|Topic Review (Newest First)|
|11-24-2006 01:30 PM|
Sea Chest in Riviera Beach Florida, speak to Nancy (owner/operator). I live in Miami but rather go to them than Sailorman, thoss guys are pain rude and priced way too high. If you wanna cry, look into he 300 plus vessels that are being scrapped (nothing can be removed) in the keys. My brother told me of the twenty or so boat that were lined up for crushing, and said that they had winches, windlasses, mast, rigging, etc. in good to very good condition. ecently two of the salvage operators were arrested for taking a few parts.. talk about a waste.
|08-29-2006 05:21 PM|
|btrayfors||Bacon's in Annapolis.|
|08-29-2006 05:16 PM|
|svindigo||Minney's Yacht Surplus in Newport Beach CA. It's all there you just have to find it.|
|08-28-2006 02:57 PM|
would be good to consolidate links like that
I have that other thread started, as a reminder. Best Deal You Ever Found.
|08-28-2006 01:53 PM|
|camaraderie||Sailorman in Ft. Lauderdale and Sailor's exchange in St.
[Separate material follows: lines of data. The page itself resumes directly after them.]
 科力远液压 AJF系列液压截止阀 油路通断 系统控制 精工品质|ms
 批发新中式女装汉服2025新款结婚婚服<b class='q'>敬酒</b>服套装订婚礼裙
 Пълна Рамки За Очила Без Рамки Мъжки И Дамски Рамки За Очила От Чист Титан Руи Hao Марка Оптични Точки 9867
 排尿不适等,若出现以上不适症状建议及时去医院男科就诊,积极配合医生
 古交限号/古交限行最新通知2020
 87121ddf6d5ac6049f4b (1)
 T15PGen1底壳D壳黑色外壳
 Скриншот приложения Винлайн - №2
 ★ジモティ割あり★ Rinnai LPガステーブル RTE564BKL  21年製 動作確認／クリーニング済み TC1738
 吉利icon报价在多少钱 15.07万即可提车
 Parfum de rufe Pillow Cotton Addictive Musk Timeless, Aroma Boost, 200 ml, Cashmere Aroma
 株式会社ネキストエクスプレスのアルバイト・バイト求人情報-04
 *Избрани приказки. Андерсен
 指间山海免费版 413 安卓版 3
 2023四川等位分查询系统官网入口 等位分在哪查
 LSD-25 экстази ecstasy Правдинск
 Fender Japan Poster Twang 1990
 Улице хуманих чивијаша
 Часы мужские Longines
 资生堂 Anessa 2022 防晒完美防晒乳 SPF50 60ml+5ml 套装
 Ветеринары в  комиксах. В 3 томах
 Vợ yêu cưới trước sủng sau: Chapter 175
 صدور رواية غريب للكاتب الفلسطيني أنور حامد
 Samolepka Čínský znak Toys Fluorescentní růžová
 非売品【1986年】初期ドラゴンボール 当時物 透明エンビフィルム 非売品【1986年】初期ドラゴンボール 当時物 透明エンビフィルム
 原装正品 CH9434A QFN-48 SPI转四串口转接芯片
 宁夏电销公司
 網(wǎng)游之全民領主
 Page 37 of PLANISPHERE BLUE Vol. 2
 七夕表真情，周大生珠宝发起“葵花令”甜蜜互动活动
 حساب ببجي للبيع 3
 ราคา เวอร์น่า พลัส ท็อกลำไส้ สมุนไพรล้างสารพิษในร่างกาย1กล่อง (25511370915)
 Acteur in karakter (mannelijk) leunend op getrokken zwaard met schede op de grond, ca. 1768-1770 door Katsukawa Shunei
Augustine are 2 such places.|
|08-28-2006 09:19 AM|
NYC and Miami
There are such places in NYC and Miami. The names escape me at the momnet. The ones I am thinking of are not directly related to disaster boats but more a funtions of many boats in a small area over time.
|08-28-2006 08:35 AM|
Sources for salvaged parts
I am kind of curious about what happens to boats that are completely destroyed by hurricanes. I know that many entire boats go on the auction block by insurers, but what happens to all the parts and rigging of boats that are a total loss?
Are there companies that specialize in stripping deck fittings, ports, winches, windlasses, etc, from storm damaged boats and sell them in an aftermarket or 'gray' market?